As they were packing up their gear for the return to Home Plate, she said, “Now, you just practice for another thousand hours or two, here and on field missions, and you might get pretty good.”

He laughed. “You are the boss’s daughter.”

She gave him a close look. She looked defensive for the first time, and he realized that she was ready to defend her father, rather than herself, from criticism. “What do you mean?”

“I mean you have a knack for explaining to people how bad things are—such as the fact that I’m hopelessly incompetent at this task—and yet make them feel like it’s just what’s to be expected and some hard work will straighten everything out.”

“Oh.” She relaxed. “Well, that’s usually the case, isn’t it?”

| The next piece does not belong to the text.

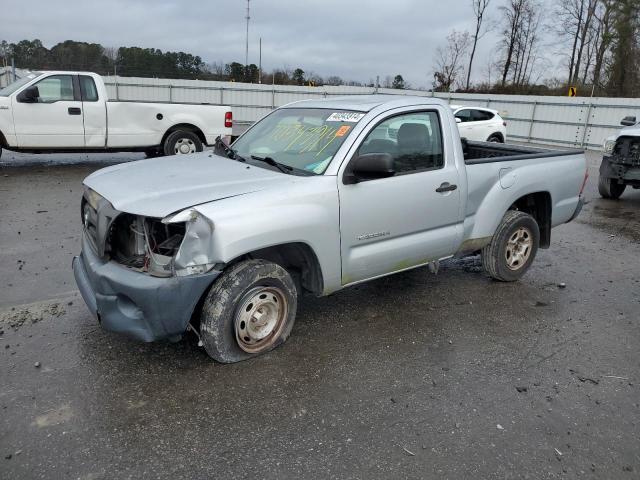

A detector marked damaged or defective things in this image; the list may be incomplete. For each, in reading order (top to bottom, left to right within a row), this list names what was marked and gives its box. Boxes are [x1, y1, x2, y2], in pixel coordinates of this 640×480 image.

crumpled front bumper [73, 234, 220, 344]
damaged silver pickup truck [72, 95, 588, 362]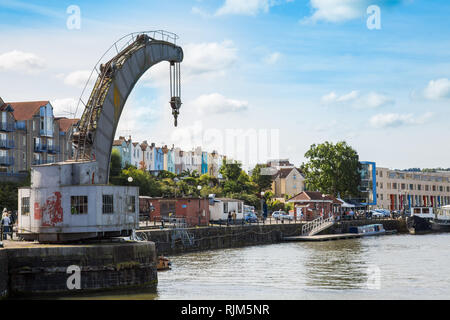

“Maybe when there are Connors around.”

She smiled and closed her rifle case. “Now you’re back to flattery.”

“Not really. The difference between flattery and honesty is that with flattery, you’d never say those things if you didn’t want something from the person you’re talking to. Even if it’s just a little feeling of gratitude or friendliness. With honesty, you’d say them anyway.”

She looked at him, and the guarded expression she so often wore was gone. “So you don’t want anything from me.”

“I didn’t say that. I just said that my comment would be the same whether or not I wanted anything from you.”

“Oh. Well, what do you want from me?”

“Other than what any straight male with any sense might want?”

“Yeah.”

“I want you to let me know when you think I’m a real boy.”

She struggled not to grin, but lost. “All right.”